Saturday, March 14, 2009

Thesauri for Information Retrieval Part. 1

Thesauri have been widely used in information retrieval in recent years. They are built in software to facilitate users to retrieve information on websites or content management systems. Currently, law firms and consultant companies have integrated thesauri into their websites. Thesauri could be also used to automatically index contents in databases. Most commercial databases all have thesauri to help users increase search effectiveness, such as STN, WilsonWeb. However, there are no standards for current thesauri developers to adopt or compose concepts consistently. The same concept could be displayed differently in different thesauri for different purposes. For example, "knowledge management software" could be splitted into "knowledge", "management" and "software"; it could be also broken down to "Knowledge management" and "software". The first case could happen in a general thesaurus, second one might possibly happen in a thesaurus of Information Science. People who want to integrate the above thesauri into their software will ask a question, which one is more appropriate for my system?

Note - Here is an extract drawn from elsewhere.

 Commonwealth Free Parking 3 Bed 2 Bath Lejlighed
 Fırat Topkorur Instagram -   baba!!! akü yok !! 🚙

Except for specific purposes, most thesauri should be interoperable with software to maximize the benefit of thesauri to certain extent regardless of different domains. Sometimes, it even takes longer to customize a thesaurus for local systems than develop a thesaurus from scratch. In another word, how we could let current content management systems easily adopt available thesauri? We need a standard to standardize the way we create concepts in thesauri.